> BRIEF
For the material below, return exactly the lines starting at the line containing "The Taipower Collection" and ending at the line containing "９回、西純は左前打を放ち、一塁上でポーズをとる（撮影・坂部計介）", both ends included, and no others.

> MATERIAL PROVIDED
==============================

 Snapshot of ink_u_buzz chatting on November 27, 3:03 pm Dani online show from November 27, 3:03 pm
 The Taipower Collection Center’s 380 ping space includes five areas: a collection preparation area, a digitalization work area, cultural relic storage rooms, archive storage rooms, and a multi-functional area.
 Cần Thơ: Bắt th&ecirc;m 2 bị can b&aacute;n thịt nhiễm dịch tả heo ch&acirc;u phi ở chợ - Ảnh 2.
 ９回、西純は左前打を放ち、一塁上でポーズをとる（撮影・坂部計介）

==============================

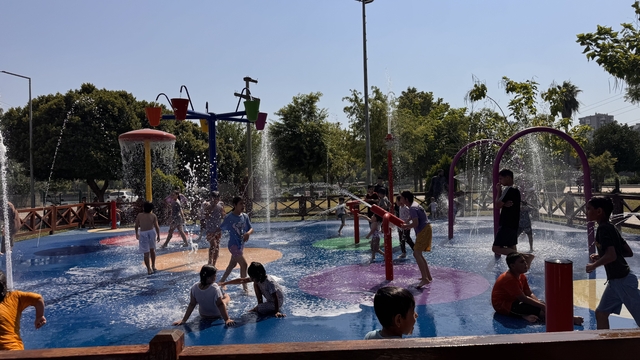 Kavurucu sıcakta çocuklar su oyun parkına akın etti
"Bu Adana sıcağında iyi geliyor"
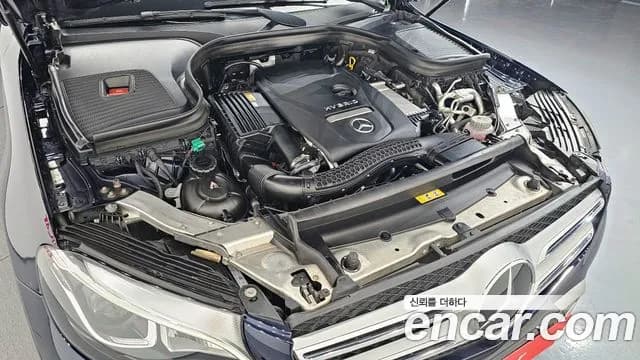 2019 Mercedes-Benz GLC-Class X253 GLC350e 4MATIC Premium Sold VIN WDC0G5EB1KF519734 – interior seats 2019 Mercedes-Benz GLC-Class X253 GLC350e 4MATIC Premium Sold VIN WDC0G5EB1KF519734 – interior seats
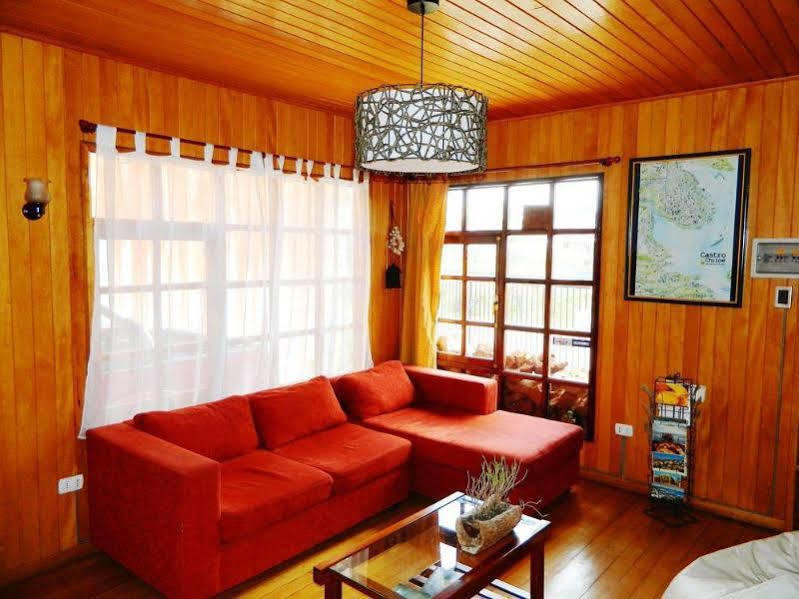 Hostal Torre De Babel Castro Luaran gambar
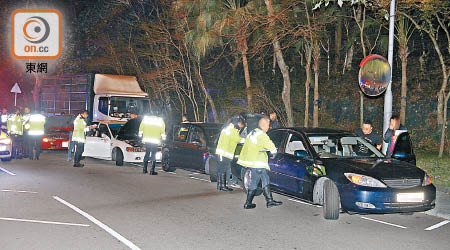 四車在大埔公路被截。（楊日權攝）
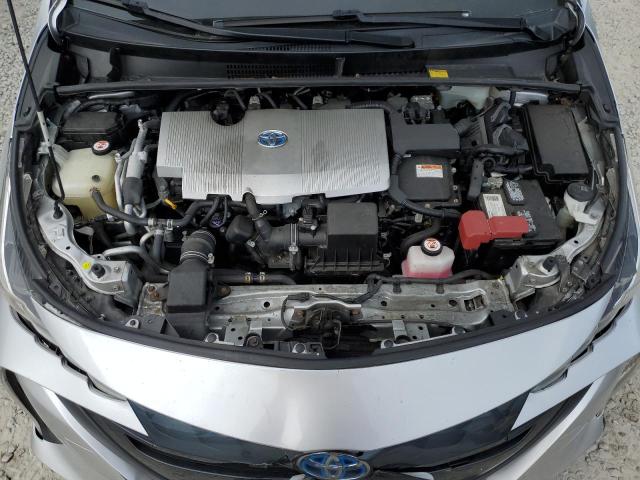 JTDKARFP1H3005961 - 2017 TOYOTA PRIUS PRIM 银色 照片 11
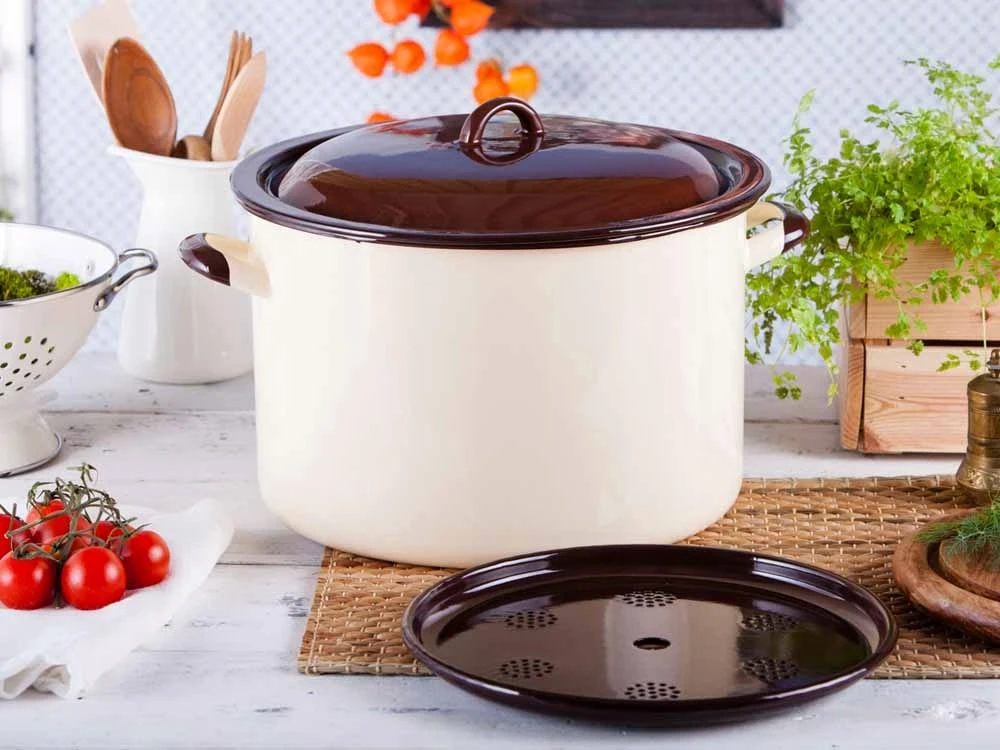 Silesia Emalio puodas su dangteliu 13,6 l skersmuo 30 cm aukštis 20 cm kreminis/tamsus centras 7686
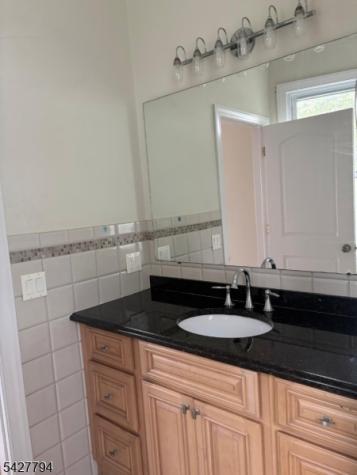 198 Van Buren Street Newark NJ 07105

==============================

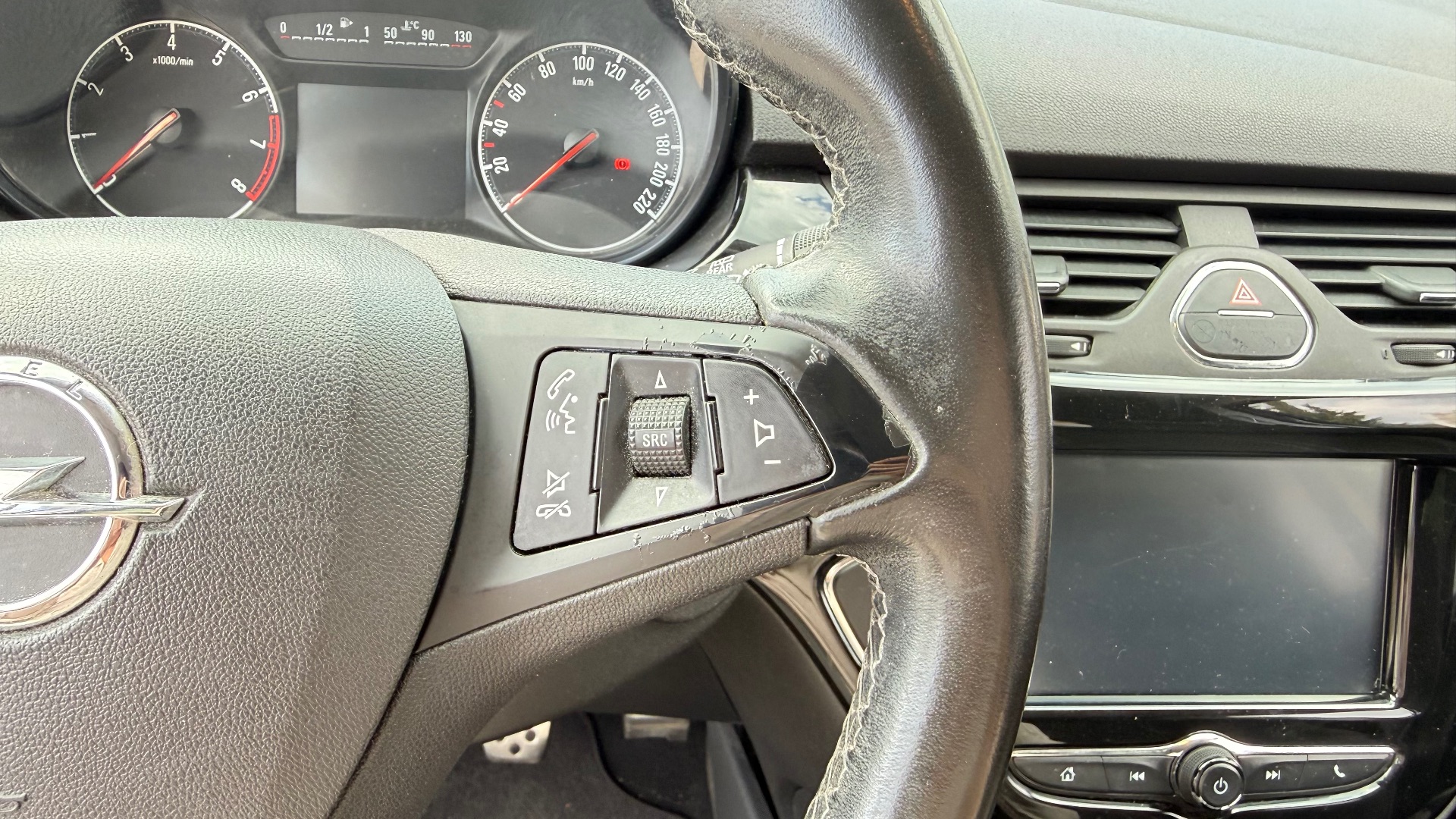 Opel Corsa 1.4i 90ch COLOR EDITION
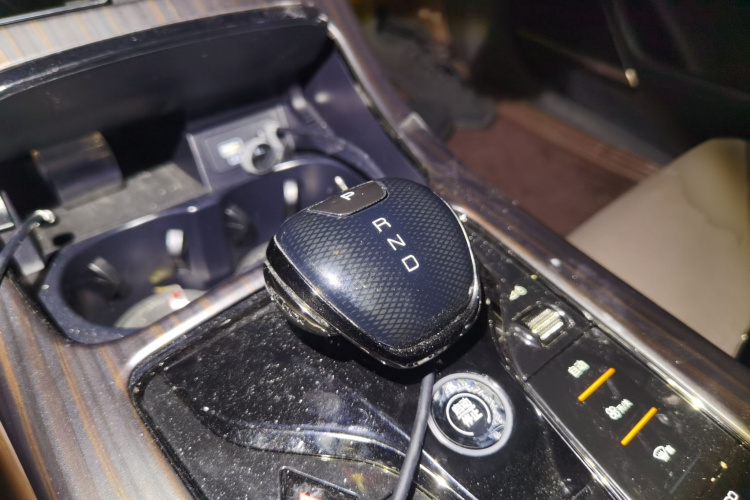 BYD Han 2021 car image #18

==============================

> RESULT OF THIS EXERCISE
 The Taipower Collection Center’s 380 ping space includes five areas: a collection preparation area, a digitalization work area, cultural relic storage rooms, archive storage rooms, and a multi-functional area.
 Cần Thơ: Bắt th&ecirc;m 2 bị can b&aacute;n thịt nhiễm dịch tả heo ch&acirc;u phi ở chợ - Ảnh 2.
 ９回、西純は左前打を放ち、一塁上でポーズをとる（撮影・坂部計介）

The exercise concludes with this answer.